Assuming you could do this… (I am not trying to argue whether or not you could), wouldn’t you exist at all points of the universe at once since it takes 0 time to travel a distance?
For one thing, wouldn’t that hurt?
For another, if it is true, it makes all of those warping space ships in movies that much more advanced because they are able to keep their ship small. Smart bastards.
The speed of light in a vacuum is 2.9979 X 10^8 meters per second. That’s pretty damn fast, but not instantaneous. Even traveling at the speed of light, it would take you a really long time just to get out of our galaxy.
According to some one at “rest”, it would take some time to cross the universe. But according to someone going at c, it would take no time (unless the universe is infinitely large, in case you’ll have a zero divided by a zero, which is indeterminite). To such a person, all events along their path would occur at exactly the same time and place. It would be a very confusing experiemce.
The feeling of being everywhere at once at the speed of light is not just due to time dilation, which is only one (albeit the most popular and well known) aspect of relativity.
Another that would impact your sensation is that as your speed approaches the speed of light, lengths shorten from your perspective.
There for, at the speed of light, all the space around you would shorten infinitely. It would not seem as though you were traveling at a super-high velocity through an immense universe, it would seem as though you were motionless in a universe that consisted only of a single point, that in which you were.
Note also that this does not apply to things hypothetically travelling at faster than the speed of light, only at the speed of light. Without going into too much detail, weird things do happen at FTL speeds, but they’re not the same weird things that happen at c.
But if you include the commas, needed for clarity, you’re back up to 11 characters: 299,792,458 m/s, so you only get half the efficiency gain RM Mentock claims
Look at it this way: As you approach the speed of light, time not only dialates but your ship becomes shorter and more massive. Immensely massive because E=mc[sup]2[/sup] works. Basic algebra tells you that E/c[sup]2[/sup]=m, which means that energy divided by the speed of light squared is the measure of the mass you add to your ship. This adds up as you approach c. With a little work I could find the equations that would tell you exactly when your little spacecraft would weigh more than the known universe. How are you going to move a spacecraft whose mass is going up towards infinity? The Lorentz contraction also comes into play here, as has been mentioned previously. And it would shrink you into a point very effectively as you got up to c. Bottom line: Accelerating a massive body to c is impossible. It would entail moving an infinitely massive geometric point.
Well, you CAN get to the speed of light if you combine yourself with an equal amount of antimatter. In fact, you can travel at light speed in every direction at once!

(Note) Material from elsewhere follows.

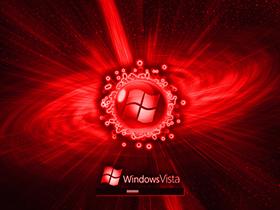 Vista StarBurst Red v2.0!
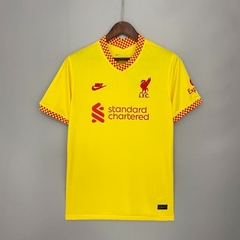 Camisa Liverpool Third 21-22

Larry Niven used a hypothetical field which converts matter into a giant photon-like particle in a sci-fi story. I dont’t think this has any theoretical objections - you’re not accelerating a massive body to the speed of light, you’re converting yourself into a form of energy which travels at the speed of light.
Problem is, once you’re in you spaceship and you switch this field on and go zipping off at c, the universe ends before you get to switch it off again. Assuming you don’t hit something!
I’m sorry but this is a real pet peeve with me. For something traveling at c the time that it experiences is on 0 it is undetermined. Time simply doen’t exit at c, it has no meaning, none. thank you.
I must disagree, etgaw. Assuming you’re a sentient massless particle, time for you would appear to move at normal speed, as it does for all inertial observers. It’s everybody ELSE’s clocks and measuring devices that appear to be wrong – and in this case they’d be very wrong indeed. As for the original question, time would pass as normal, but moving from place to place would seem to take no time because all points would appear to you to be infinitesimally close together. And looking to the side, everything would be rotated a full 90 degrees, so you’d be able to see the wrong sides of everything, like a giant cubist painting. It would also appear to you as though everybody else’s clocks were stopped.